Appellant makes much of the fact that the juror Dishman was not called in person to testify on the hearing of the motion. The trial court certifies that he considered all the affidavits appearing in the record, and in his qualification declines to certify as true a recital in the bill to the effect that Dishman was available as a witness, because, the court says, there was no evidence before him to that effect, and that to so certify it would be necessary for the court to assume that it was true, when it had not been made known to him in a legal way. We are cited to Wilson v. State, 128 Tex.Crim. R.,79 S.W.2d 852 as having some bearing on the fact that Mr. Dishman did not testify in person on the hearing of the motion. The case *Page 122 is not deemed to be in point. There the party who might have thrown some light on the controversy did not testify either personally or by affidavit.
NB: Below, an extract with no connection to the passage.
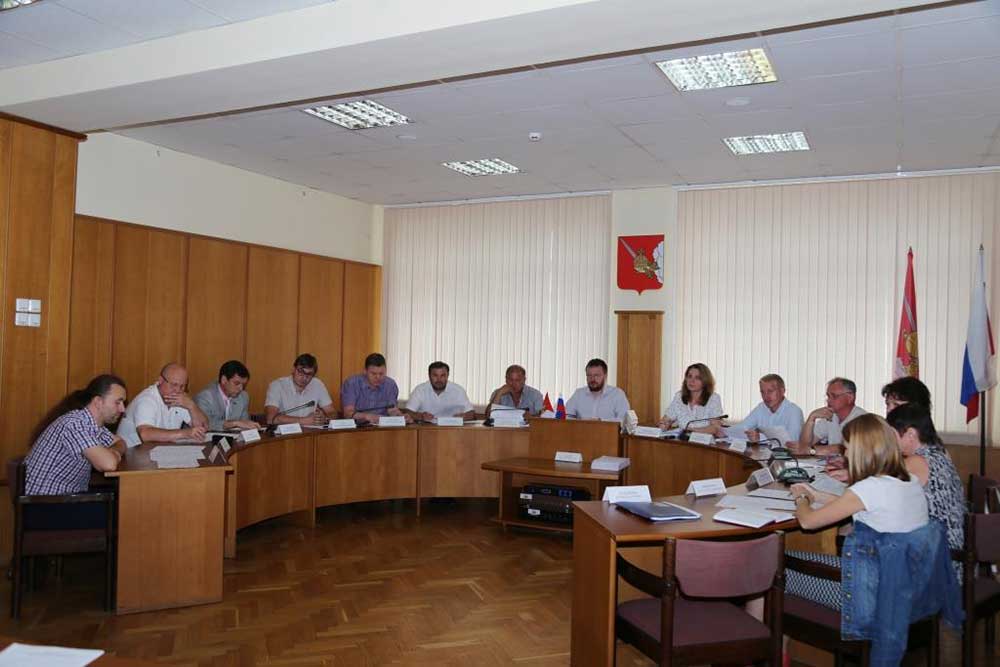 Внеплановое заседание комитета по экономической политике и муниципальной собственности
The trial court and this court should always be vigilant to secure fairness and impartiality on the part of jurors, but the record before us presents a typical case where this court should move with extreme caution before holding that the trial court abused his discretion in declining to find that the juror was unfair and biased. A case could scarcely be presented where the issues were more clearly presented than in the one now before us. Certainly the trial judge was in a better position to determine that issue of fact than is this court, and we discover nothing in the record which challenges the correct exercise of the trial court's judicial discretion. Certainly the evidence upon the question was conflicting, and the evidence on the State's part was sufficient to support the trial court's ruling. He evidently accepted the State's evidence as true on the controverted issue. Making application of the controlling principles stated in the beginning of this opinion we find no just reason for disturbing the trial court's judgment.

Appellant's motion for rehearing is overruled.